Cette soif d’infini dont leurs grands cœurs sont pleins

atteste leur noble origine. Ils marchent à tâtons dans la nuit, faute d’avoir su identifier la force qui les pousse à « s’affranchir de la lourde nature ». Cette force, c’est l’Éros de Platon, qui n’a rien de commun avec l’Éros charnel, et chez qui la passion brûle plus haut que le désir. C’est l’affection virile et désintéressée qu’entrevoit l’Américain Whitman et qu’il invoque résolument parce qu’il est né d’un pays neuf, dégagé de routine et de faux plis. C’est cet amour affranchi des hontes du sexe, que Nietzsche saluait en déclarant : « Nous voulons vivre au-dessus des impurs comme les vents forts, voisins des aigles, de la neige et du soleil. »

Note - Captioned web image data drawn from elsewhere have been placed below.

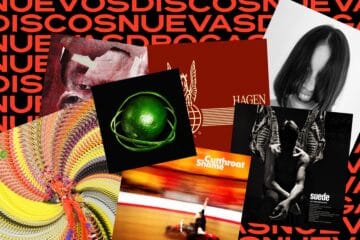 Nuevos discos, Nuevas drogas del 5 de septiembre de 2025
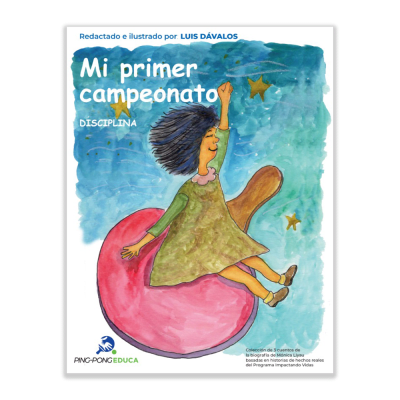 Mi primer campeonato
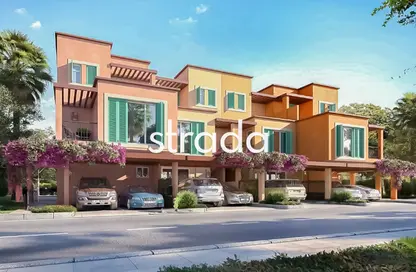 Townhouse - 4 Bedrooms - 3 Bathrooms for sale in Nice - Damac Lagoons - Dubai Townhouse - 4 Bedrooms - 3 Bathrooms for sale in Nice - Damac Lagoons - Dubai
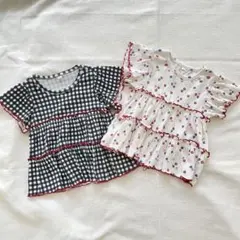 ◎夏物SALE◎チュニック2点セット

Voilà ce que dit ou du moins ce que nous fournit à dire M. Camille Spiess car, si au lieu de l’interpréter librement, je le suivais à la lettre, je n’aurais que mépris pour les poètes symbolistes qu’il trouve trop ennuagés de vapeurs judéo-chrétiennes. Parce qu’ils n’ont pas su répondre à l’Idéal spécial qui, selon lui, les appelait, M. Camille Spiess leur reproche rudement leur aveuglement ou leur pusillanimité. Il les accuse d’avoir dérogé. Il les traite de dégénérés et de bien d’autres noms encore, mais M. Camille Spiess, comme tous les disciples de Nietzsche, est de ceux qui entrent en fureur, dès qu’ils flairent quelque part un relent de catéchisme. Péchés ! remords ! contritions ! « signes d’esclavage intellectuel », « râles d’impuissants et de vaincus », « folie d’imbéciles ». Cela est bien vite dit. Il faudrait pourtant s’entendre. Je veux bien que nous pensions Par-delà le Bien et le Mal, mais si c’est pour nous réunir dans la chasteté, à quoi bon nous disputer sur les moyens d’y parvenir ? « Le Christianisme, dit Nietzsche, avec son profond ressentiment contre la vie, a fait de la sexualité quelque chose d’impur. Il jette de la boue sur le commencement, sur la condition première de notre vie. » À merveille, et je comprendrais cela dans la bouche d’un énergumène décidé, coûte que coûte, à « vivre sa vie » et à suivre en dépit du gendarme et des lois, ses inclinations orageuses, mais que signifie cette protestation chez Nietzsche qui nous ramène à l’ascétisme et prescrit l’abstinence avec rigueur ? Quelle étrange anomalie ! Vous m’invitez à mettre toutes voiles dehors, à me réaliser dans la plénitude de mes pires instincts, à me ruer envers et contre tous ; vous me jetez pour mot d’ordre : liberté entière et complète ! licence absolue ! tout cela pour me brider au premier élan, avec le frein de Sénèque :

Imperare sibi maximum imperium est.

« Dompter ses passions, les rendre obéissantes », mais le christianisme, encore qu’il n’ait pas le mérite d’avoir inventé la formule, n’a jamais dit autre chose. Les poètes symbolistes, pour n’avoir pas su tresser d’une main tranquille et décidée, l’apothéose du Neutre, peuvent donc supporter d’un cœur léger la réprobation de M. Camille Spiess. Ils ont, d’ailleurs, pour se consoler, le certificat de génie qu’il leur décerne, à son insu, quand après avoir rappelé ces paroles de Nietzsche :

« Le meilleur auteur est celui qui a honte d’être un homme de lettres. Qu’importe un livre qui ne sait pas nous transporter au-delà de tous les livres. Écris avec ton sang et tu apprendras que le sang est esprit. »

Il ajoute :

« Le génie créateur est l’homme tragique, le poète hermétique qui délivre au monde le livre vivant, le message qui lui a été confié à sa naissance et qui a été imprimé dans tout son être. »

Les chefs de file du mouvement symboliste, Baudelaire, Verlaine, Laforgue, Samain, comme d’ailleurs tous les poètes dignes de ce nom, n’ont jamais fait autre chose.